Blogue fundado em 22 de Novembro de 2003 por Ana Gomes, Jorge Wemans, Luís Filipe Borges, Luís Nazaré, Luís Osório, Maria Manuel Leitão Marques, Vicente Jorge Silva e Vital Moreira
sexta-feira, 23 de junho de 2017
Falsas taxas
1. Segundo esta notícia, já com algum tempo, o Provedor de Justiça considera inconstitucional a taxa de proteção civil do município de Lisboa.

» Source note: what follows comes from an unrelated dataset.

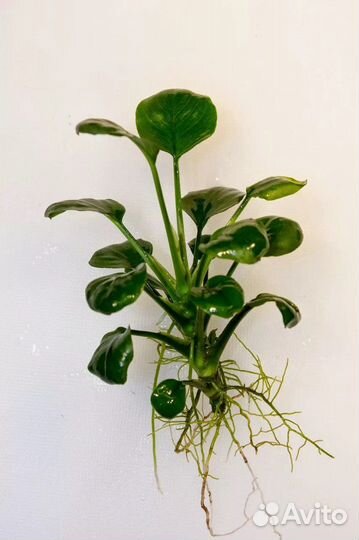 Аквариумные растения анубис, карликовый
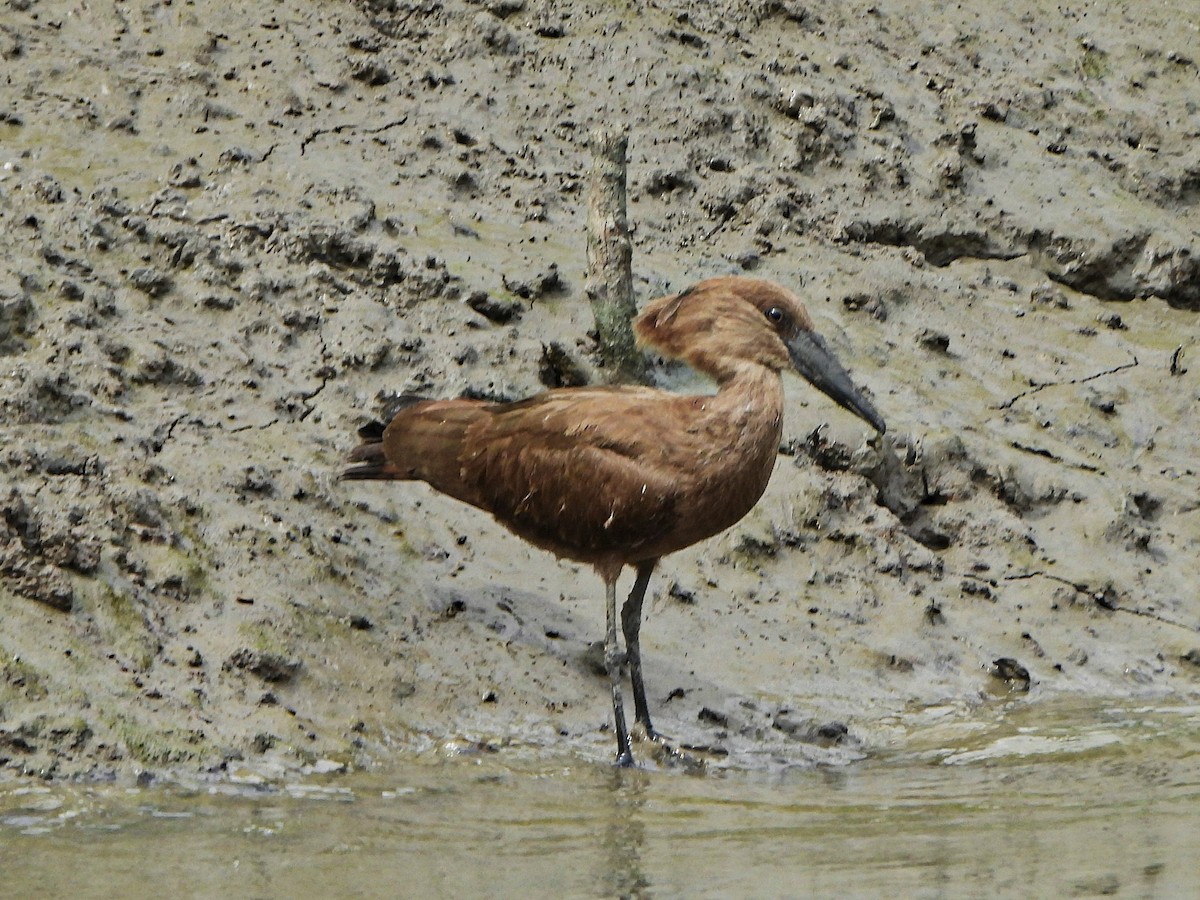 Hamerkop - ML647172611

E considera bem, a meu ver. Por definição, as taxas são tributos bilaterais, que supõem uma ligação individual específica do facto gerador da taxa com quem é chamado a pagá-la. Só há que pagar taxas por serviços ou encargos individualmente divisíveis. Uma "taxa" universal não é uma taxa. Ora, a referida pseudotaxa é cobrada a todos os munícipes, independentemente de qualquer ocorrência de que resulte uma prestação individual do serviço de proteção civil. Uma verdadeira taxa implica que só quem a paga tem acesso a algo que sem ela não terá.

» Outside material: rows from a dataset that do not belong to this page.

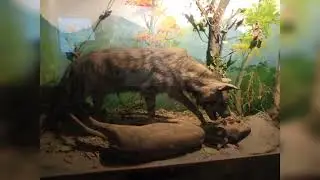 Government Museum - Vellore - 2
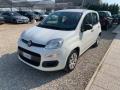 usato FIAT Panda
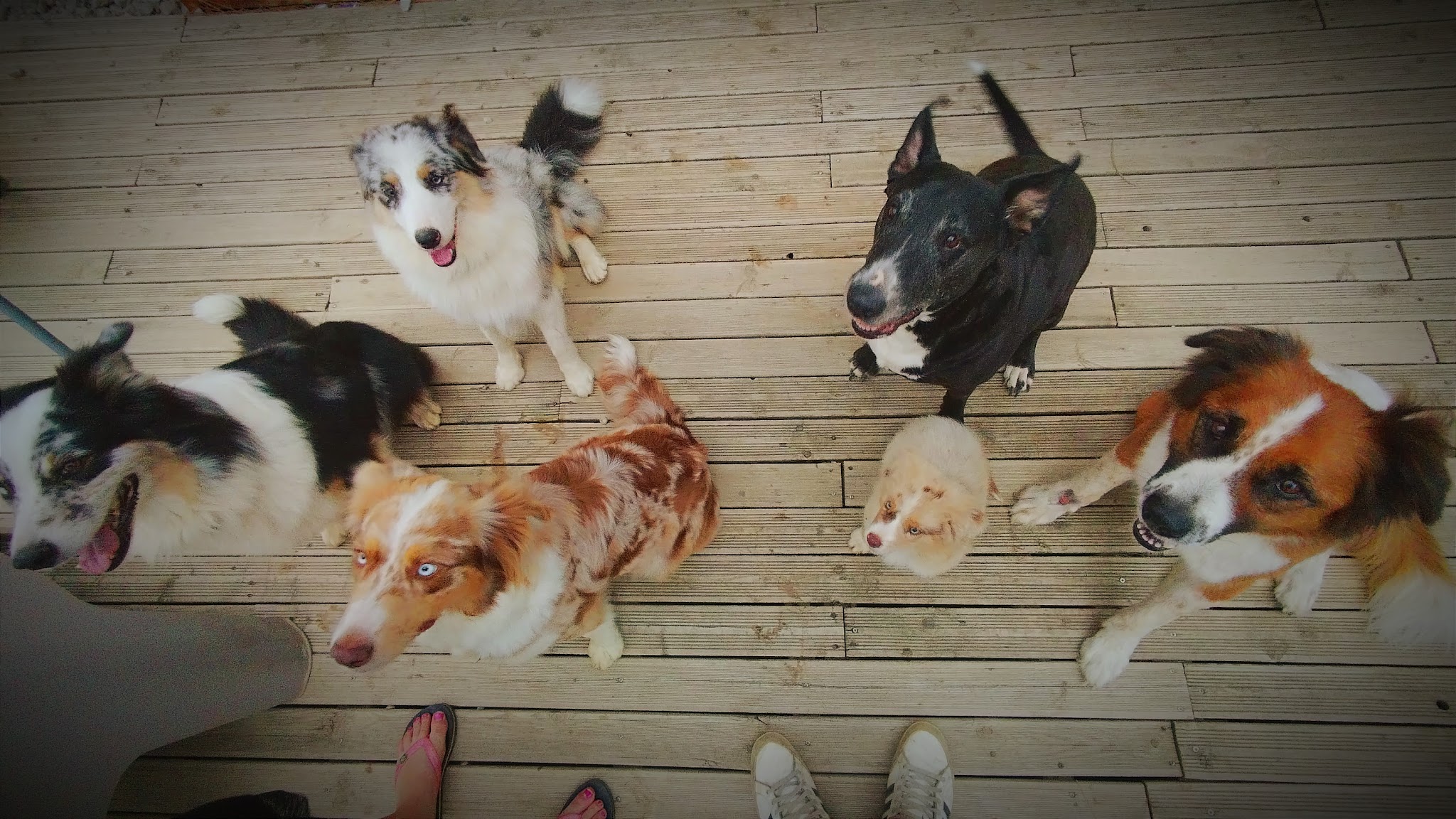 K2 NATURE Elevage et Pension Canine (ACCÈS et VISITES UNIQUEMENT SUR RENDEZ-VOUS) — photo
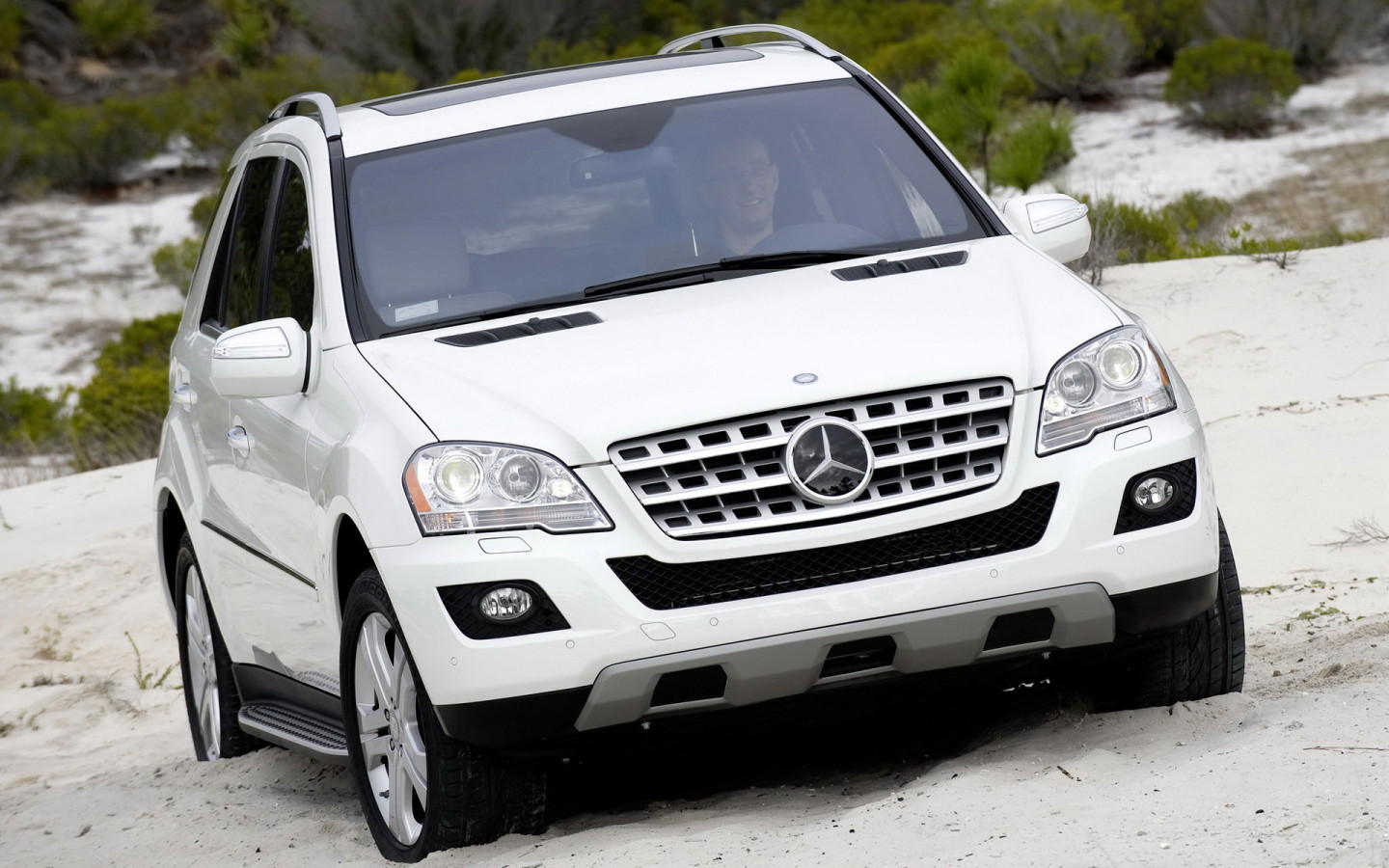 Mercedes-Benz ML320 Bluetec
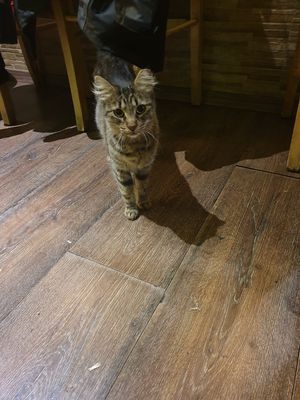 Hauskatze at Trivoli Vegan Kafeneio in Athens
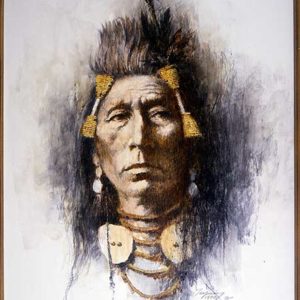 Crow Brave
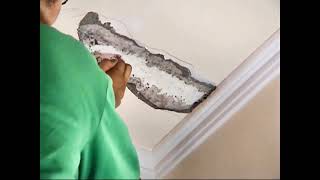 堤業國際  地震房屋牆壁龜裂、DIY壁癌去除  十分有效  學會讓你省下購車頭期款  修護材料 密黏補milliput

A simples existência do serviço de proteção civil constitui um típico "bem coletivo", que beneficia toda a gente por igual e de que ninguém poder ser excluído, por não pagar. Por conseguinte, uma taxa de proteção civil só é concebível para os casos em que alguém recorra ao respetivo serviço municipal, por exemplo, em caso de incêndio ou inundação doméstica, ou situação semelhante.
Uma "taxa" municipal universal pelo serviço de proteção civil faz tão pouco sentido como uma taxa municipal pelo serviço de polícia municipal ou pelo serviço de iluminação pública, ou, já agora, uma taxa nacional pelo serviço de defesa!
2. Que importância é que isso tem? Muita!
Seguindo o exemplo de Lisboa, outros municípios criaram a mesma pseudotaxa.
Ora, o municípios podem legalmente criar taxas como contrapartida de serviços municipais, por exemplo, serviços de urbanismo, de estacionamento, de atividades dependentes de autorização municipal, etc. Mas não podem criar impostos (que a Constituição reserva à lei) nem contribuições parafiscais (poder que a lei não lhes atribui).
As pseudotaxas constituem uma violação qualificada de um princípio essencial do constitucionalismo democrático, que é o princípio da reserva parlamentar em matéria fiscal (no taxation without representation). Mesmo quando afetos aos municípios, os impostos só podem ser criados por lei.
Já basta de substituir verdadeiros impostos (ou contribuições parafiscais) por taxas fictícias.
Adenda
Um leitor observa que essa taxa está prevista na lei-quadro das taxas municipais. Mas nenhuma lei pode criar livremente taxas onde elas não sejam constitucionalmente admissíveis. A distinção constitucional entre impostos, contribuições parafiscais e taxas não pode ser esvaziada pela lei. De resto, a norma em causa pode ser interpretada em conformidade com a Constituição, com o sentido que sugeri no texto.